We've already got an iterator for LocalStorageVec, though it has the limitation that in order to construct it, the LocalStorageVec needs to be consumed. What if we only want to iterate over the items, and not consume them? We will need another iterator type, one that contains an immutable reference to the LocalStorageVec and that will thus need a lifetime annotation. Add a method called iter to LocalStorageVec that takes a shared &self reference, and instantiates the borrowing iterator. Implement the Iterator trait with the appropriate Item reference type for your borrowing iterator. To validate your code, uncomment and run the it_borrowing_iters test case.

Note that this time, the test won't compile if you require the items of LocalStorageVec be Copy! That means you'll have to define LocalStorageVec::iter in a new impl block that does not put this bound on T:

#![allow(unused)]
fn main() {
impl<T: Default + Copy, const N: usize> LocalStorageVec<T, N> {
    // Methods you've implemented so far
}

impl<T: const N: usize> LocalStorageVec<T, N> {
    pub fn iter(&self) -> /* TODO */
}
}

Defining methods in separate impl blocks means some methods are not available for certain instances of the generic type. In our case, the new method is only available for LocalStorageVecs containing items of type T that implement both Copy and Default, but iter is available for all LocalStorageVecs.

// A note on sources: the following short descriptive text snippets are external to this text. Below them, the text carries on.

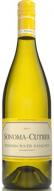 Sonoma-Cutrer - Chardonnay Russian River Valley Russian River Ranches 2022 (750ml)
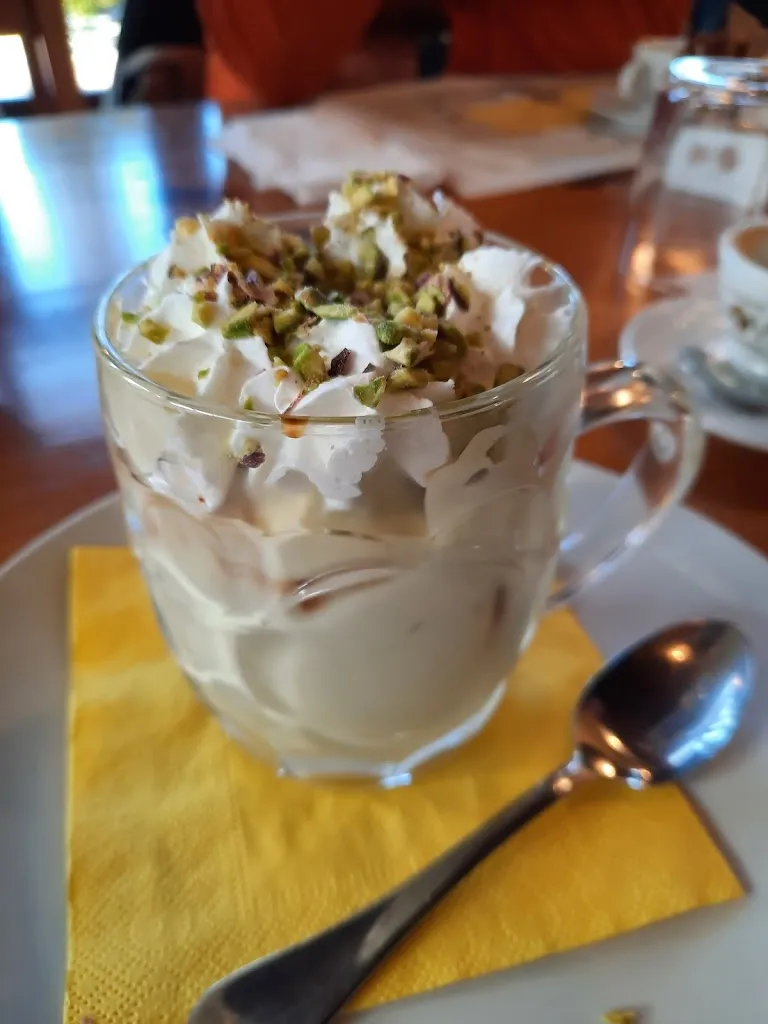 Menu_Cinghiai a Sotet Birreria Agricola_Dolegna del Collio_image_5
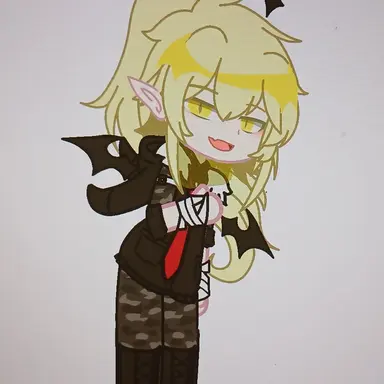 Profile image of イ・ハエル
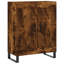 Metzly 69.5cm Sideboard-521942649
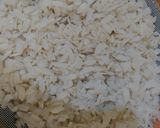 कांदा पोहा (Kanda Poha recipe in Hindi) रेसिपी चरण 1 फोटो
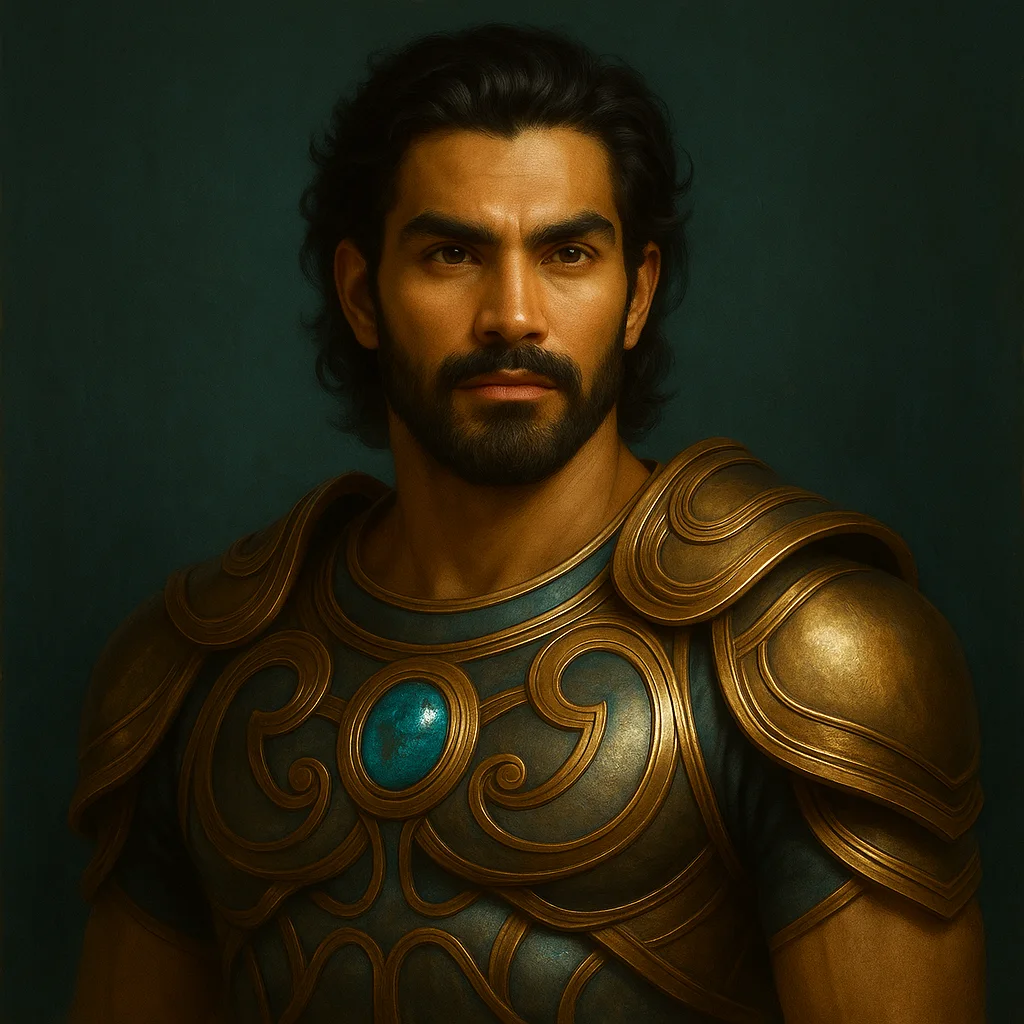 Basîlion - باسيليون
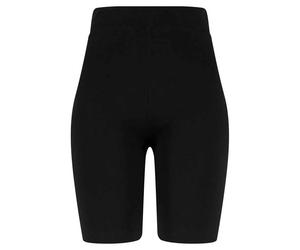 Def Leggings Courts Sporty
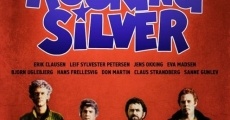 Filme completo Rocking Silver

2.4.1.I Generic Index ⭐⭐⭐⭐

You've probably duplicated a lot of code in exercise 2.4.1.F. We can reduce the boilerplate by defining an empty trait:

#![allow(unused)]
fn main() {
trait LocalStorageVecIndex {}
}

First, implement this trait for usize, RangeTo<usize>, RangeFrom<usize>, and Range<usize>.

Next, replace the multiple implementations of Index with a single implementation. In English:

"For each type T, I and constant N of type usize, implement Index<I> for LocalStorageVec<T, N>, where I implements LocalStorageVecIndex and [T] implements Index<I>"

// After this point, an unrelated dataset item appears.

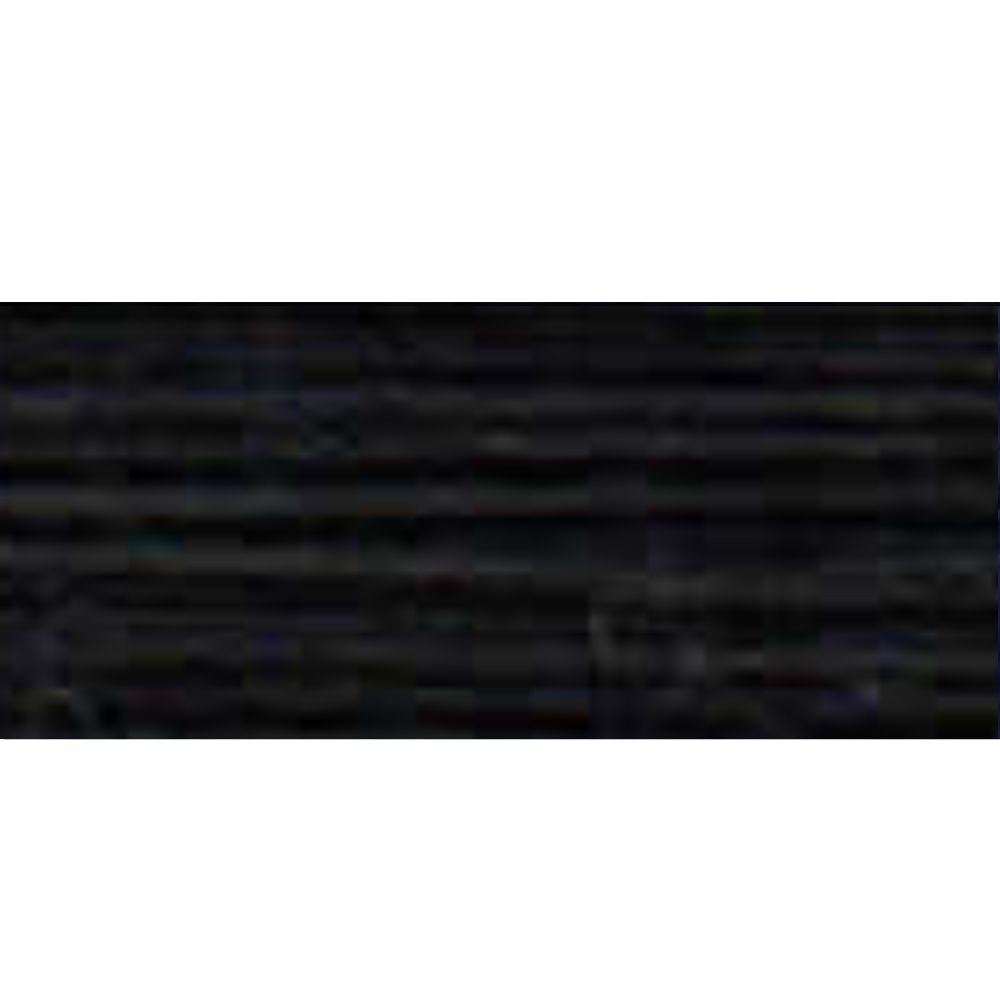 Filo cucire per impunturare jeans terking articolo 2952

If you've done this correctly, it_indexes should again compile and pass.

2.4.1.J Deref and DerefMut ⭐⭐⭐⭐

The next trait that makes our LocalStorageVec more flexible in use are Deref and DerefMut that utilize the 'deref coercion' feature of Rust to allow types to be treated as if they were some type they look like. That would allow us to use any method that is defined on [T] by calling them on a LocalStorageVec. Before continuing, read the section 'Treating a Type Like a Reference by Implementing the Deref Trait' from The Rust Programming Language (TRPL). Don't confuse deref coercion with any kind of inheritance! Using Deref and DerefMut for inheritance is frowned upon in Rust.

Below, an implementation of Deref and DerefMut is provided in terms of the AsRef and AsMut implementations. Notice the specific way in which as_ref and as_mut are called.

#![allow(unused)]
fn main() {
impl<T, const N: usize> Deref for LocalStorageVec<T, N> {
    type Target = [T];

    fn deref(&self) -> &Self::Target {
        <Self as AsRef<[T]>>::as_ref(self)
    }
}

impl<T, const N: usize> DerefMut for LocalStorageVec<T, N> {
    fn deref_mut(&mut self) -> &mut Self::Target {
        <Self as AsMut<[T]>>::as_mut(self)
    }
}
}

Question

  • Replacing the implementation of deref with self.as_ref() results in a stack overflow when running an unoptimized version. Why? (Hint: deref coercion)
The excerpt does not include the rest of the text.